Multiple solutions have been presented regarding the problem to religious language. The first solution suggests that all statements about God are meaningless, this this solution has been discredited. The second solution suggests that all qualities regarding God are to be understood equivocally. The third solution suggests that the qualities regarding God are to be understood univocally. The fourth solution suggests that the qualities regarding God are to be interpreted analogously. These approaches all offer a way in which statements about God might be understand, although no single solution is accepted universally.

References

  1. Alston, William P. “Functionalism and Theological Language.” In Divine Nature and Human Language: Essays in Philosophical Theology. Ithaca: Cornell University Press, 1989
  2. Ayer, A. J. Language, Truth and Logic. 2nd ed. New York: Dover Publications: 1946.
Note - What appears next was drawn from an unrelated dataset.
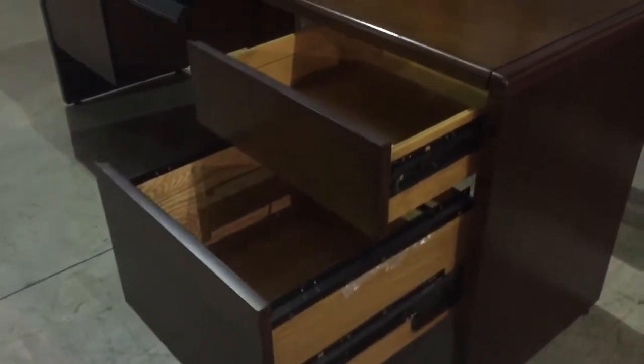Here's the credenza set — the credenza on the back. Matching. It's got a little pull-out keyboard tray; it could be taken off or you could leave it there if you want. Here's the file drawer, and the supply drawer is on the back credenza piece. Pretty much the same setup as on the desk.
  3. Carnap, Rudolf. “Philosophy and Logical Syntax: Part I.” In 20th-Century Philosophy: The Analytic Tradition. Ed. Morris Weitz. New York: The Free Press, 1966. pp. 207-219.
  4. Idziak, Janine. “Roger M. White, Talking about God: The Concept of Analogy and the Problem of Religious Language (Transcending Boundaries in Philosophy and Theology).” International Journal for Philosophy of Religion, vol. 71, no. 1, Feb. 2012, pp. 75–79. EBSCOhost, doi:10.1007/s11153-010-9264-3.
  5. Maimonides, Moses. The Guide of the Perplexed. 2 vols. Trans. Shlomo Pines. Chicago: University of Chicago Press, 1963.